Introduction to Terraform
Up till now I have been using the AWS provided cli to manage their resources, but what if I also want to use Google Cloud? I would need to download their tools, as well as learn their configuration syntax. Terraform is a fantastic tool that gives us a consistent configuration syntax for managing many different providers. There are around 200 providers, 80 of which are supported directly by Hashicorp. Of course you still need to understand all of the provider specific terminology, ec2 for AWS, instances for Google Cloud.
I have worked almost exclusively with AWS so I will be using AWS for my examples on how to use Terraform.
Requirements
- AWS credentials
- Download Terraform
- Terraform Docs
- All Terraform Providers
- Terraform AWS Provider
- github example code for this post
Give the docs linked above a read if you haven’t already and you’ll be better off.
Steps I’m going to cover
Let’s roll
“Install” Terraform
The reason why Install is in quotes is that Terraform is just a binary that needs to be added to our path. Visit The Downloads Page and download the zip file for your OS.
wget https://releases.hashicorp.com/terraform/0.11.7/terraform_0.11.7_linux_amd64.zip
Unzip it
unzip terraform_0.11.7_linux_amd64.zip
Now there will be an executable called ‘terraform’ in the directory.

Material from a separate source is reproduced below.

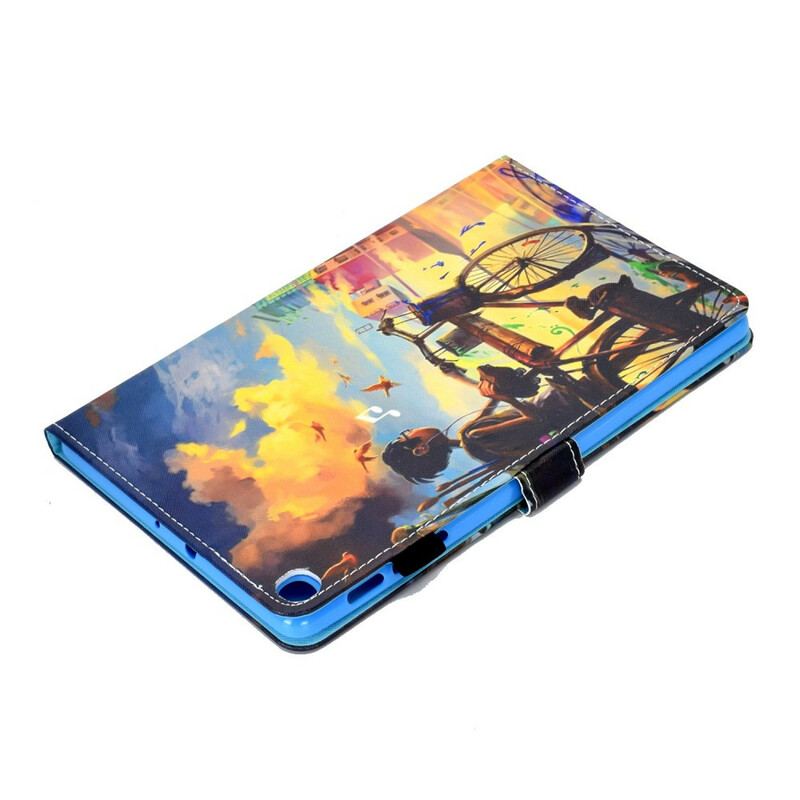 Capa Flip Para Samsung Galaxy Tab S6 Lite Arte Da Bicicleta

Depending on which directory you are in you likely want to move this into a bin folder that is in your path. I am going to put mine in /usr/local/bin/ and then test to make sure terraform is working.
sudo mv terraform /usr/local/bin/
terraform -v
Terraform v0.11.7
While working with AWS, Terraform will gather credentials in all of the same ways that the aws cli does. If you’ve already setup your AWS credentials then you are good to go. If not click on the AWS Credentials link in the requirements.
Syntax
Like programming languages there are strings, lists, and maps. These data types are commonly used for a key values ex:
string = "value"
list = ["value1", "value2", "value3"]
map = {
"key1" = "value1"
"key2" = "value2"
"key3" = "value3"
}
The basic format for most of the terraform resources follows this pattern:
argument1 "argument_2" "argument3" {
key1 = "value1"
}
ex:
provider "aws" {
region = "ca-central-1"
}
resource "aws_vpc" "dev_vpc" {
cidr_block = "10.0.0.0/24"
}
argument1: Describes which terraform module to use. Valid options are
- provider: Does not use argument3. Used to describe which provider terraform should use
- resource: Used to create a resource within a specified provider
- data: Used to gather information on a resource within a provider, read-only
argument2: Used to specify the resource type for the module.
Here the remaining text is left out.